## Work item
What appears from the first line of the records below through the line containing "原来微信红包和转账的区别在这里,微信红包和转账区别别再用错了" must be reproduced verbatim.

[Scraped caption text data]

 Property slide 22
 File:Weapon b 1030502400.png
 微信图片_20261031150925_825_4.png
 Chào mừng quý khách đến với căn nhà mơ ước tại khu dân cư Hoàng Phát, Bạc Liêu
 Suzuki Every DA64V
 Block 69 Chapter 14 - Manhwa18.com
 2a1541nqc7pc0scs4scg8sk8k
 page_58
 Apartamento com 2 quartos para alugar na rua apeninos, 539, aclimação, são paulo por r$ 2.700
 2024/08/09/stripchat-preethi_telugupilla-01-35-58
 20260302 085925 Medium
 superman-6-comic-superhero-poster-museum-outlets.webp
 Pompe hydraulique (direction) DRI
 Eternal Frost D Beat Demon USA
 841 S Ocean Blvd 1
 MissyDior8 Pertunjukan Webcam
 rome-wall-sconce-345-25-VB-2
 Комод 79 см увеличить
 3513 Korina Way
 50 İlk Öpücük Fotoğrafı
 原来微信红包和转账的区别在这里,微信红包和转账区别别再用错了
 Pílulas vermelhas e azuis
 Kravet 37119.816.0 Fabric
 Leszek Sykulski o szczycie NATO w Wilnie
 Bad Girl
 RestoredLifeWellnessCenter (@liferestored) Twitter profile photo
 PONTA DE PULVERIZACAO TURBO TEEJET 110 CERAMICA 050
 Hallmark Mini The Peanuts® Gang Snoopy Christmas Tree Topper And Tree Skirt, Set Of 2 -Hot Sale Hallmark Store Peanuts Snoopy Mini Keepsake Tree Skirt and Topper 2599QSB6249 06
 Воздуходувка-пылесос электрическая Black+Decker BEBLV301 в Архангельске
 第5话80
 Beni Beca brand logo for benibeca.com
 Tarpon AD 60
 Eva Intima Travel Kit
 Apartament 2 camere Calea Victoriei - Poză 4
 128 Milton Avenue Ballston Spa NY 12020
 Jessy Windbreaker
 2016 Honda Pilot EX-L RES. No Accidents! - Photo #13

## Output for this task
 Property slide 22
 File:Weapon b 1030502400.png
 微信图片_20261031150925_825_4.png
 Chào mừng quý khách đến với căn nhà mơ ước tại khu dân cư Hoàng Phát, Bạc Liêu
 Suzuki Every DA64V
 Block 69 Chapter 14 - Manhwa18.com
 2a1541nqc7pc0scs4scg8sk8k
 page_58
 Apartamento com 2 quartos para alugar na rua apeninos, 539, aclimação, são paulo por r$ 2.700
 2024/08/09/stripchat-preethi_telugupilla-01-35-58
 20260302 085925 Medium
 superman-6-comic-superhero-poster-museum-outlets.webp
 Pompe hydraulique (direction) DRI
 Eternal Frost D Beat Demon USA
 841 S Ocean Blvd 1
 MissyDior8 Pertunjukan Webcam
 rome-wall-sconce-345-25-VB-2
 Комод 79 см увеличить
 3513 Korina Way
 50 İlk Öpücük Fotoğrafı
 原来微信红包和转账的区别在这里,微信红包和转账区别别再用错了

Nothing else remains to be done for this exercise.